Comment le « Peekaboo » de Fendi est devenu le it-bag des modeuses ?

Passé cette démonstration de luxe, il y a toute une saga italienne qui se déploie à travers ces trois femmes. Silvia raconte cette filiation particulière : « À travers l'histoire de Fendi, on peut lire l'évolution des femmes en Italie. Dans ce pays à la tradition très patriarcale, il y a eu ma grand-mère, qui a été une pionnière. Quand mon grand-père est mort, elle n'a pas fermé l'entreprise. Elle a travaillé tout en élevant ses cinq filles. Mieux, elle les a impliquées dans l'évolution de cette maison. Cette communion de femmes a réalisé quelque chose d'incroyable. Fendi aujourd'hui a un rayonnement international. » C'est une famille délibérément créative, viscéralement féminine. Et Fendi ne serait pas Fendi s'il n'y avait pas la conviction du clan. « Nous sommes vraiment le prototype d'une famille italienne, reprend Delfina. Nous passons beaucoup de temps ensemble. Nous trouvons toujours le moyen de nous réunir. Nous échangeons sur la création. La maison est toujours ouverte et notre mère nous appelle souvent pour savoir quand nous comptons passer la voir. » Leonetta rigole : « Elle nous téléphone aussi tout le temps parce qu'elle a des problèmes avec la technologie. » Silvia sourit : « Oui, c'est la différence entre les générations. Je leur dis : 'Venez déjeuner dimanche' parce que j'ai un problème avec mon ordinateur. Mais j'en résous aussi beaucoup pour vous ! Disons la vérité, mon portable sonne toutes les cinq minutes ! » Sans doute que leur conversation dure encore maintenant...

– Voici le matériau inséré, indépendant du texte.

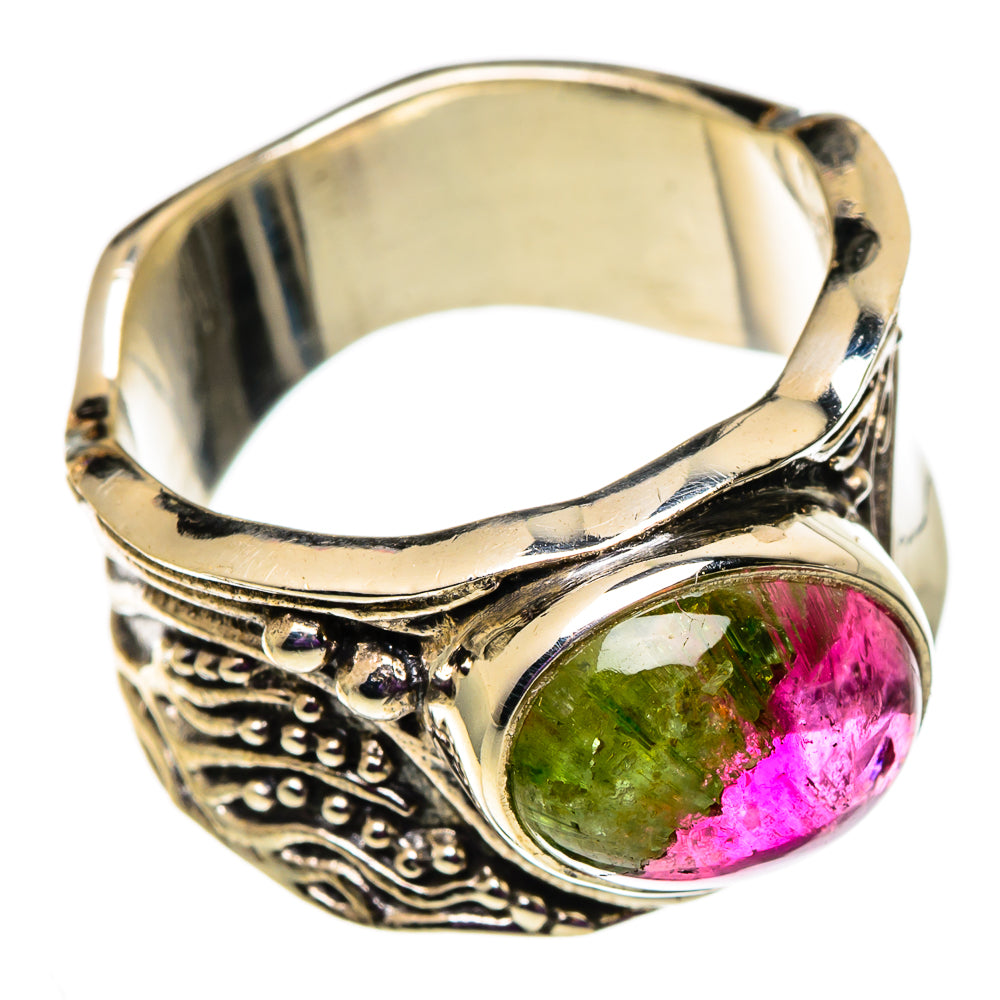 Watermelon Tourmaline Rings handcrafted by Anasilvercos - RING100988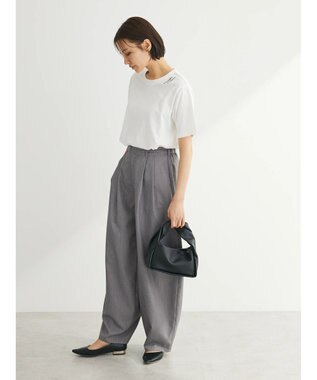 Green Parks 襟ロゴアソートレギュラーＴシャツ Off White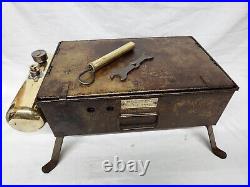 Antique 1920's Prentiss-Wabers Auto Kamp Kook Kit Two-Burner Suitcase Camp Stove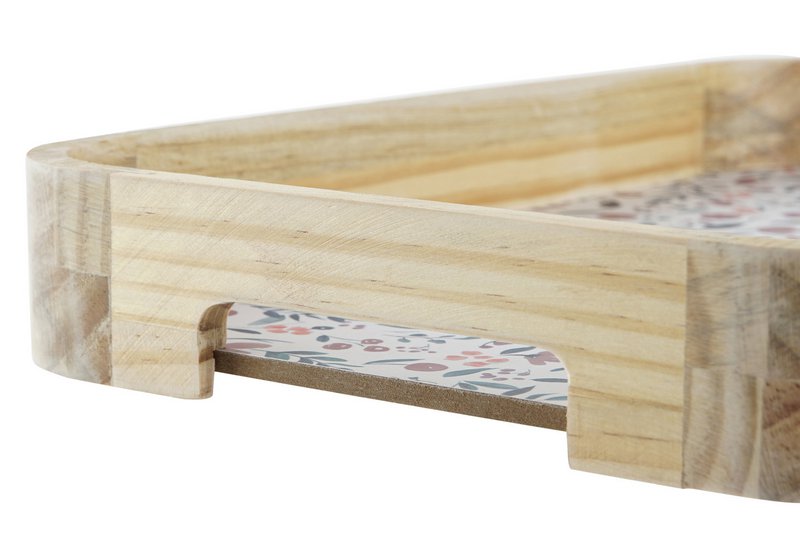 BANDEJA DECORACION SET 2 MDF 35X24X4,5 NATURAL LD203570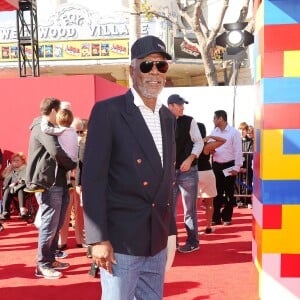 Morgan Freeman - Première du film "La Grande Aventure Lego" à Westwood, le 1er février 2014.  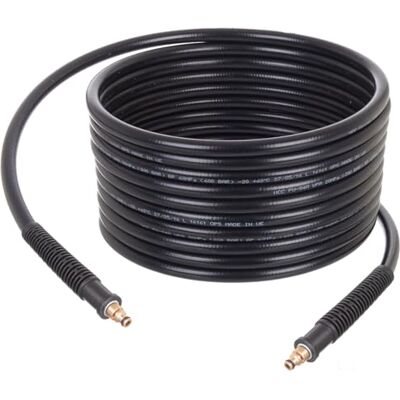 Techkar 15m Tuyau haute pression 200 bar compatible avec les nettoyeurs haute pression STANLEY SXPW Bosch Makita Black Decker - Publicité Techkar 15m Tuyau haute pression 200 bar compatible avec les nettoyeurs haute pression STANLEY SXPW Bosch Makita Black Decker - Publicité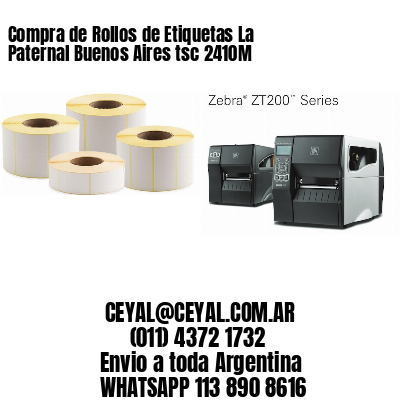 Compra de Rollos de Etiquetas La Paternal Buenos Aires tsc 2410M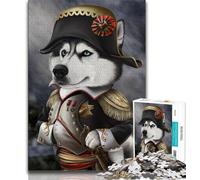 1000 Pieces Jigsaw Puzzles For Teens And Adults Husky Dog Emperor Napoleon Adult Jigsaw,Educational Games Wall Decoration Unique Birthday And Xmas Gifts (size 75x50cm)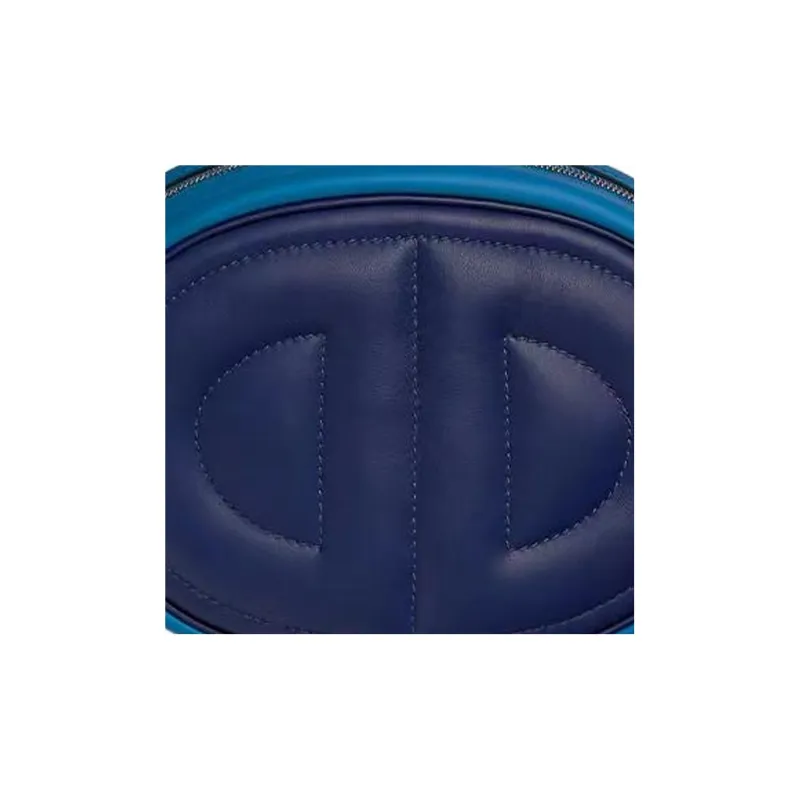 HERMES In The Loop Swift Leather Pig Nose Sling Bag, Fanny Pack Unisex Sapphire Blue/French Blue/Black-3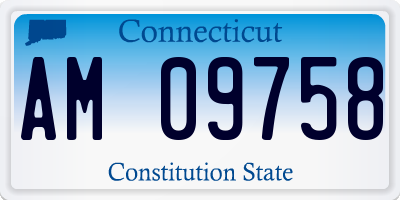 CT license plate AM09758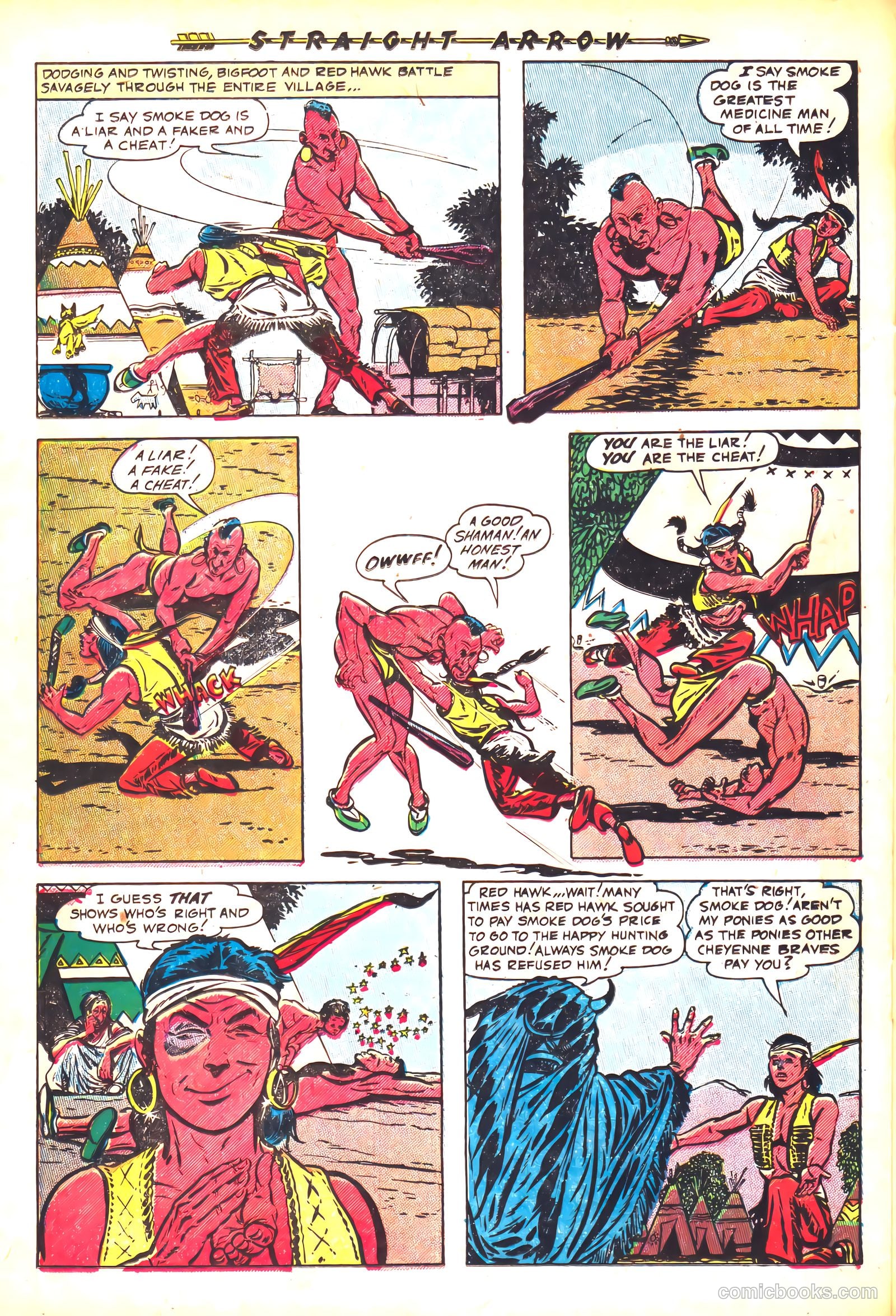 Straight Arrow #36 (1954) — page 22 of 36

Dans quelques années, en 2025, la maison aura 100 ans. Leonetta : « Mon Dieu, 100 ans ! » Il semblerait que Fendi soit auréolée d'un certain caractère d'éternité. Ici tout dure, tout perdure, et cette pérennité a statué son ancrage dans la douceur d'un palazzo romain. Fendi domine le temps à tous les niveaux. Ici aussi, il est question d'être le maître des horloges. C'est l'histoire d'une famille où l'on se transmet la mode de génération en génération et, plus admirable dans un sens, de femme en femme, depuis le commencement, en 1925. Un artisanat exceptionnel, entre cuir et fourrure, qui ne cesse de perfectionner son savoir-faire. La fidélité unique d'un créateur, Karl Lagerfeld, qui dessine la mode femme depuis 1965. Chez Fendi, le temps n'est rien.

L'AMI « PEEKABOO »

Étonnant comme ce sac s'adapte aux personnalités les plus différentes : reines et princesses à l'image de Rania de Jordanie ou de Meghan Markle, icônes de la musique telle Rihanna, stars de cinéma comme Angelina Jolie, ou déesses des podiums comme Kaia Gerber... Il s'impose au bras de toutes les belles tel un fidèle compagnon de route, tantôt sage, tantôt drôle.